Obsession is usually talked about as a bad thing – but for this adolescent, it was his obsession with love that got him here in the first place.

“My obsession has turned into my profession,” he explains.

Perhaps you’ve heard of him. His simple “Love Me” logo can be found across the world, from spray-painted dumpsters to bottoms of skateboards to stickers, on Michael Stars T-shirts and Victoria’s Secret materials. He’s not a graffiti artist or a tagger. He’s a culture maker, a message creator.

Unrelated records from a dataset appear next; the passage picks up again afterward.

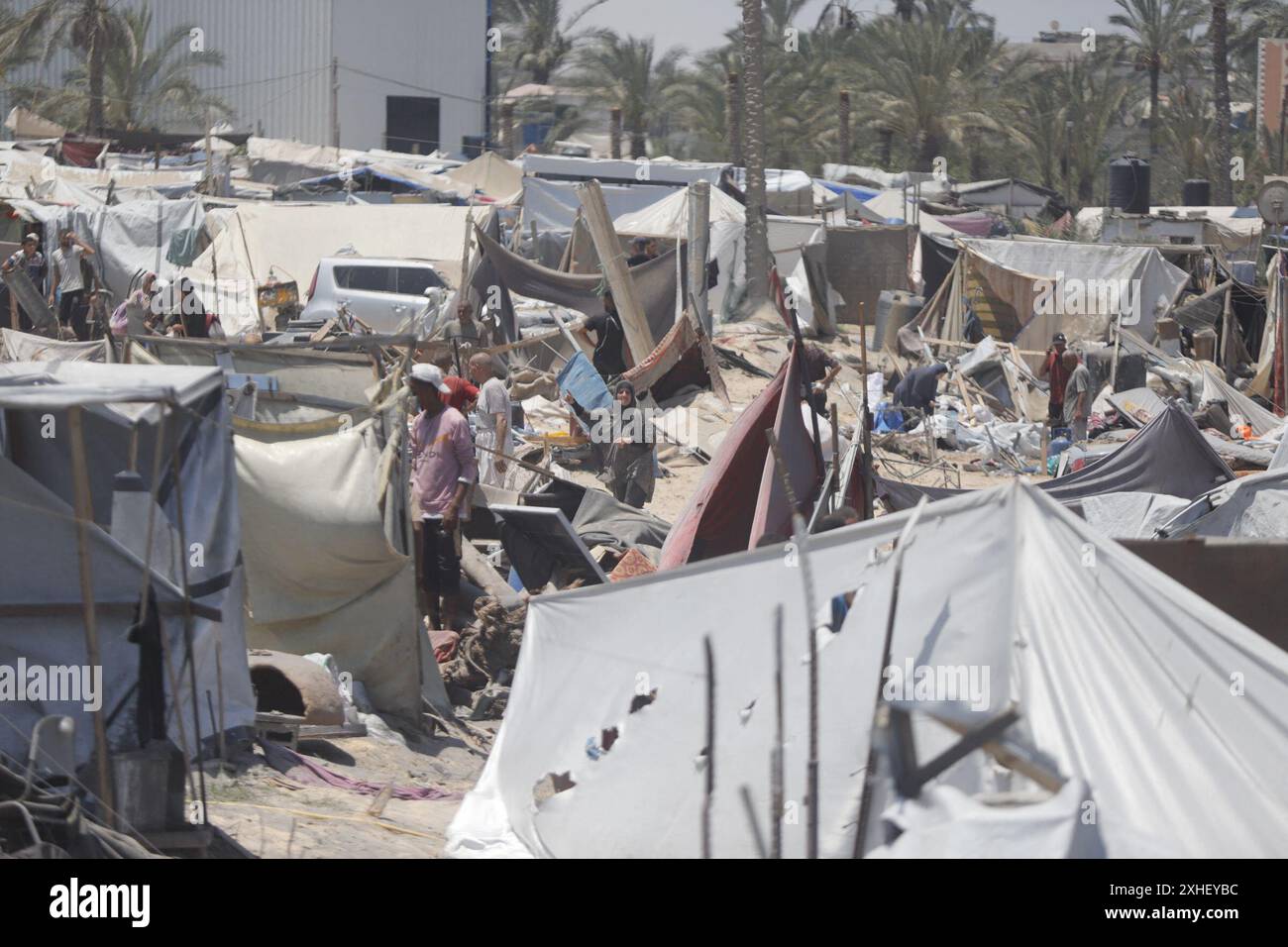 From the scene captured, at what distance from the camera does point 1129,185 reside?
2859 centimetres

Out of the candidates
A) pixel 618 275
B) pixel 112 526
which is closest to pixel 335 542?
pixel 112 526

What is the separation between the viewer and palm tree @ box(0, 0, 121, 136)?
3272cm

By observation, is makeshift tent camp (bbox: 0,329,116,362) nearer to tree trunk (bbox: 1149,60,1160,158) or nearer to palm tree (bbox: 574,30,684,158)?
palm tree (bbox: 574,30,684,158)

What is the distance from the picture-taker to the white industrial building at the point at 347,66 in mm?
44719

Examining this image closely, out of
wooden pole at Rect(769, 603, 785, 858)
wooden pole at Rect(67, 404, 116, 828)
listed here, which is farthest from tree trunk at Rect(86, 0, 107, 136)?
wooden pole at Rect(769, 603, 785, 858)

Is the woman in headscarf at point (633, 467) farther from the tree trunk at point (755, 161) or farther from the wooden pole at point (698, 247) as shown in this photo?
the tree trunk at point (755, 161)

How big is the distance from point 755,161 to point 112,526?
1887 centimetres

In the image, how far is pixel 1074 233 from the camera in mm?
30469

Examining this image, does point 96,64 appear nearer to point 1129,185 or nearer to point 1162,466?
point 1129,185

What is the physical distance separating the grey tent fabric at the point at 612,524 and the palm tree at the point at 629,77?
31.9 meters

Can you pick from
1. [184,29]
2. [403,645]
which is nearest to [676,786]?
[403,645]

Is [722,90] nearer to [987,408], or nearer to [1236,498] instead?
[987,408]

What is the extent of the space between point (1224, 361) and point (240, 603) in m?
19.0

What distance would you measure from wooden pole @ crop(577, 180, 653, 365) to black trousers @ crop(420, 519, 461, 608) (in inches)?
301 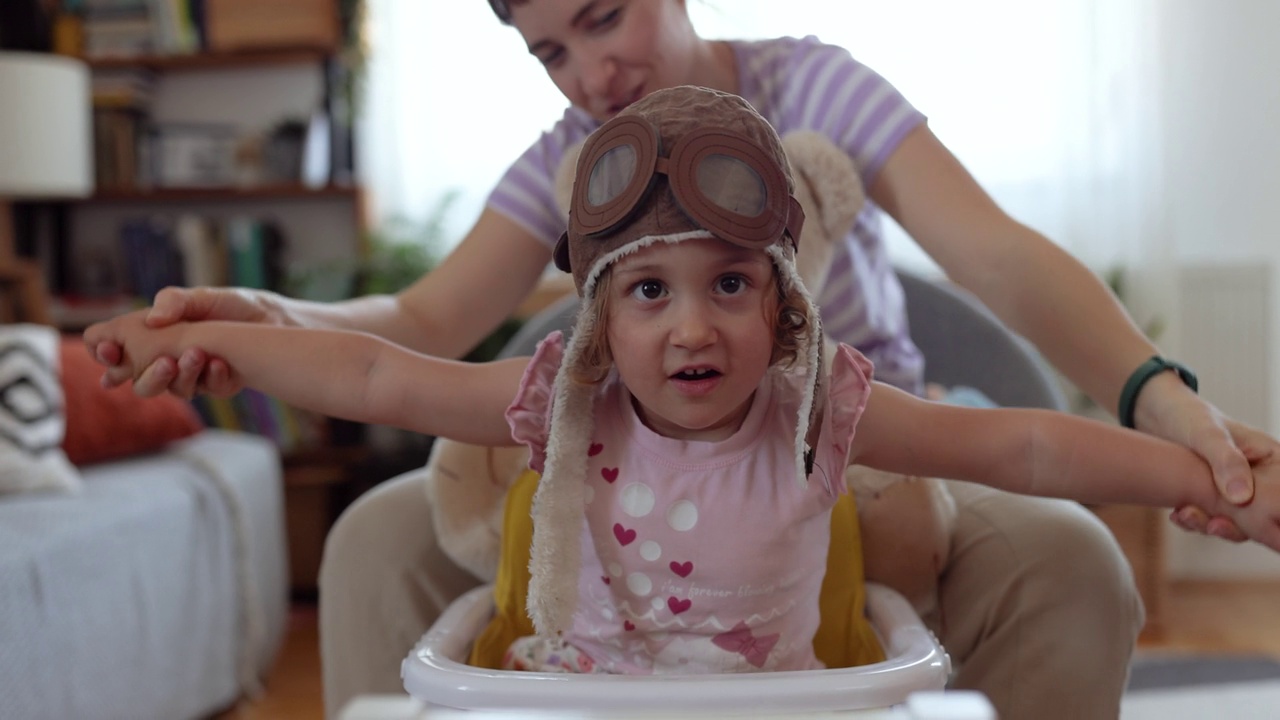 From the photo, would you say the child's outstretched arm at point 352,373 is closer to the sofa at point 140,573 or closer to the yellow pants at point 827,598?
the yellow pants at point 827,598

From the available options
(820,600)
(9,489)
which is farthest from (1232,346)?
(9,489)

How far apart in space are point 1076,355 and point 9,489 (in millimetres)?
1729

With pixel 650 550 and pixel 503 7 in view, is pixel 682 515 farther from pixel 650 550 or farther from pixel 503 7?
pixel 503 7

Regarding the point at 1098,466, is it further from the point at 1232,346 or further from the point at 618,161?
the point at 1232,346

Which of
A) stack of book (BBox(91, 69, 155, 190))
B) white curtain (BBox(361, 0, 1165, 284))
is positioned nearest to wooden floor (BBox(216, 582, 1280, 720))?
white curtain (BBox(361, 0, 1165, 284))

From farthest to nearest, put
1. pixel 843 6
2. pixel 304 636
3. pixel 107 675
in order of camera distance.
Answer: pixel 304 636, pixel 843 6, pixel 107 675

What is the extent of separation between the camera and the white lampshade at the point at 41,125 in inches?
100

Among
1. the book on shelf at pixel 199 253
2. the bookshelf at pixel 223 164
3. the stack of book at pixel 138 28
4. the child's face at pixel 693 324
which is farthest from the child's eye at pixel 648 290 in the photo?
the stack of book at pixel 138 28

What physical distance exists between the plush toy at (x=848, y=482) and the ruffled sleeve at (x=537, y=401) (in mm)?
219

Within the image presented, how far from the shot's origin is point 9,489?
6.16ft

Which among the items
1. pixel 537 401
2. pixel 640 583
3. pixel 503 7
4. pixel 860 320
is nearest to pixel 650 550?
pixel 640 583

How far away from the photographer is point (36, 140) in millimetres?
2586

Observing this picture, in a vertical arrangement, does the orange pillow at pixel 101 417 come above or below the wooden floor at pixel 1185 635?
above

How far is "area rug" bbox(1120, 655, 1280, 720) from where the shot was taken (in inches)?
76.5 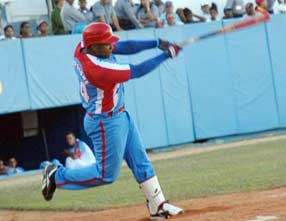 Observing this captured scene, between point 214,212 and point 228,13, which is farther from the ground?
point 214,212

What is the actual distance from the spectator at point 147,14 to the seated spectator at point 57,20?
2.15 m

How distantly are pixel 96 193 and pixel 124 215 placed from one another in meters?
2.90

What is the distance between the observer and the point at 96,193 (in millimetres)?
11383

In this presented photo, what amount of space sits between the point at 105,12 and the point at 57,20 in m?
1.03

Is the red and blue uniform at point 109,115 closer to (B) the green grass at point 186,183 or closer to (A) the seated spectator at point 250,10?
(B) the green grass at point 186,183

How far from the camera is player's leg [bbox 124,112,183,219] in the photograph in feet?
25.9

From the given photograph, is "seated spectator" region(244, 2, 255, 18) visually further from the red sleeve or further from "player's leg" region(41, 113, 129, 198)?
the red sleeve

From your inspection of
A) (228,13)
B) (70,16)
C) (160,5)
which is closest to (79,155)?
(70,16)

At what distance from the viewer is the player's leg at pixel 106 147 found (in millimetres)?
7712

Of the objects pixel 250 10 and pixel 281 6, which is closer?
pixel 250 10

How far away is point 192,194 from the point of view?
980 centimetres

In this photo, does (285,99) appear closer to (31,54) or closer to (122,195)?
(31,54)

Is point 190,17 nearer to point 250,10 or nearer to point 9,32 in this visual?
point 250,10

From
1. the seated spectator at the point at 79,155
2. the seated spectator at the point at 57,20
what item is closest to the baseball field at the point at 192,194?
the seated spectator at the point at 79,155
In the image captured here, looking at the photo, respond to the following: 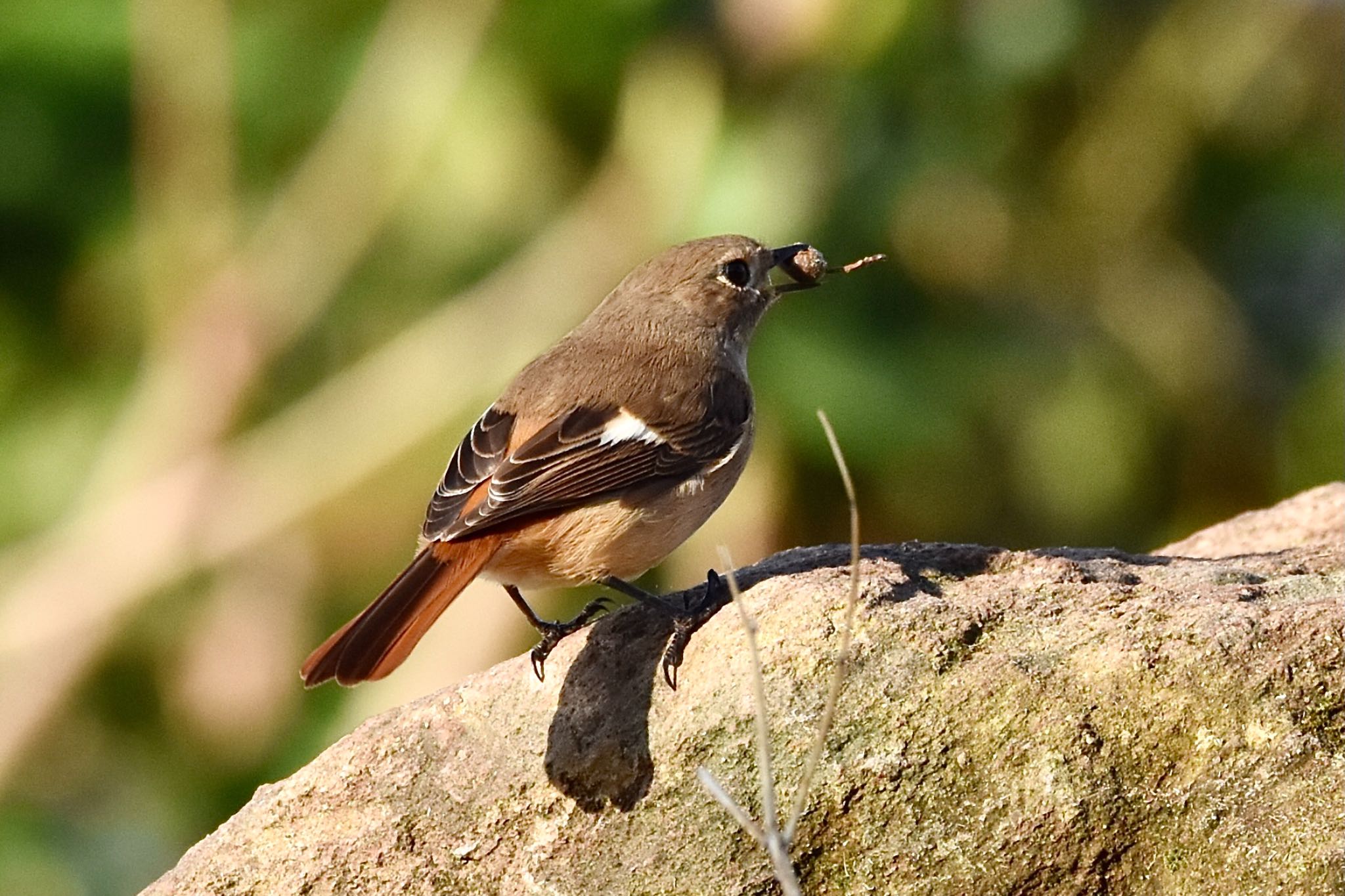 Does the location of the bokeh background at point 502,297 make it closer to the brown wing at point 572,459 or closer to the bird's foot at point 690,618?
the brown wing at point 572,459

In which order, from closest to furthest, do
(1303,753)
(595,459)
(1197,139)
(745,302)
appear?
1. (1303,753)
2. (595,459)
3. (745,302)
4. (1197,139)

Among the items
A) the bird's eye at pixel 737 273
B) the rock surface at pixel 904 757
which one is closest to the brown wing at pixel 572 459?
the rock surface at pixel 904 757

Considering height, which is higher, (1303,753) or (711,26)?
(711,26)

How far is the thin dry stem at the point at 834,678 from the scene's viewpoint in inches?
110

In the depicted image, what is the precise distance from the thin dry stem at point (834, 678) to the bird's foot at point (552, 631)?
2.45 feet

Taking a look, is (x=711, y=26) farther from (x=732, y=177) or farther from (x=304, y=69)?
(x=304, y=69)

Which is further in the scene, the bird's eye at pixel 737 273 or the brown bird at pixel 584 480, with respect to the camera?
the bird's eye at pixel 737 273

“I am writing ‘love me’ till my hands hurt,” he says.

Khadim Diop Knows Frankenstein

Fifteen-year-old Khadim Diop is going to be a star. At age 5, he decided that he wanted to change the world.

His lyrical poetry walks the line between slam and rap, perfectly delivering a single message: “I am the promise of tomorrow,” he says, fierceness in his eyes.

“Am I not worth the fight? I am the future.”

These five teens are delivering just that, coupled with grace, eloquence and attitude. They are our future culture leaders.

“Becoming an adult means leaving the world of your parents and starting to make your way toward the future that you will share with your peers,” writes Alison Gopnik for The Wall Street Journal. “Puberty not only turns on the motivational and emotional system with new force, it also turns it away from the family and toward the world of equals.”